Generally, when doing scenes, there's little choice but eval metering. If I'm going for head shots, I'll use spot metering and do as much as I can to fill the frame with the person's head. I also tend to slightly underexpose and use selected fill light in post. Oh, and don't forget a lens hood.

Someone mentioned fill flash. That's always an option in the right situation. I tend to use it rarely -- once or twice in an 800-shot event a couple of weeks ago.

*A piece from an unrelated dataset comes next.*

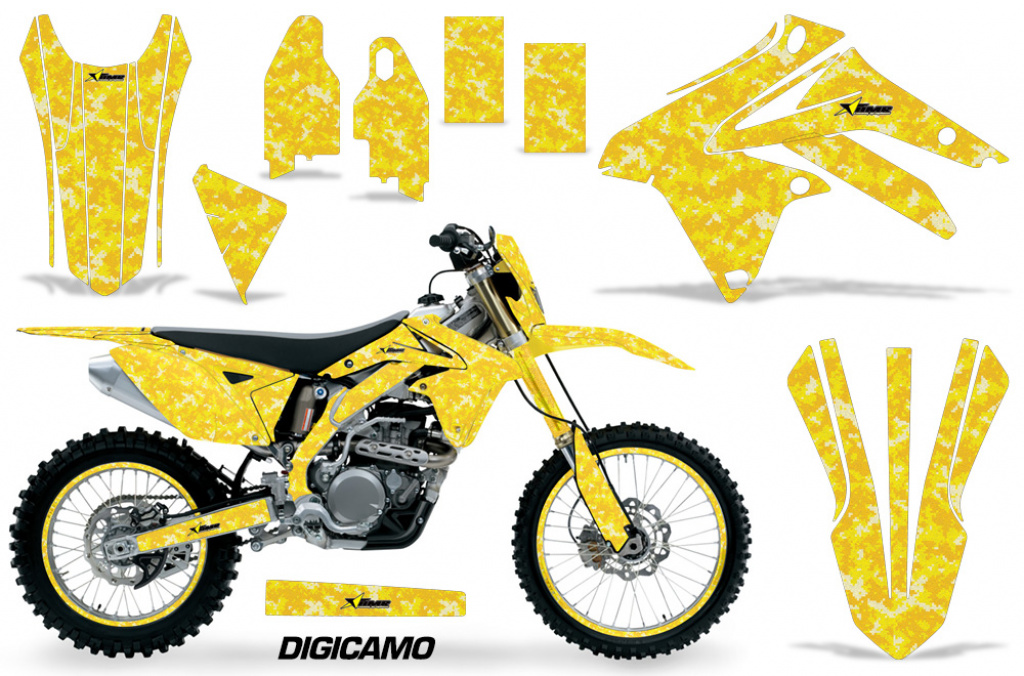 Digicamo Gelb mit Nummernfeldern für Suzuki RMX 450Z 2009-2017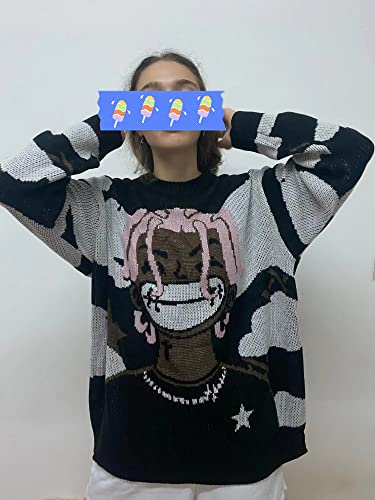 Cartoon Anime Knitted Sweater Men Winter Oversized Men's Rock Hip Hop Rap Pullover Women Jumper Ugly Sweater (Black,L,Large)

If you have control of time, use it. Where events go on all day, get there early and use better light, or be there late. Sometimes, there isn't a choice -- the July 4 parade here on Wednesday starts at noon. Shooting the vehicles in the parade on the street, I'll need a polarizing filter against glare. To get the people on the sidelines, that filter will just cut down my shutter speed. It's all compromise.

As I said in the beginning, lowered expectations can alleviate some of the frustrations.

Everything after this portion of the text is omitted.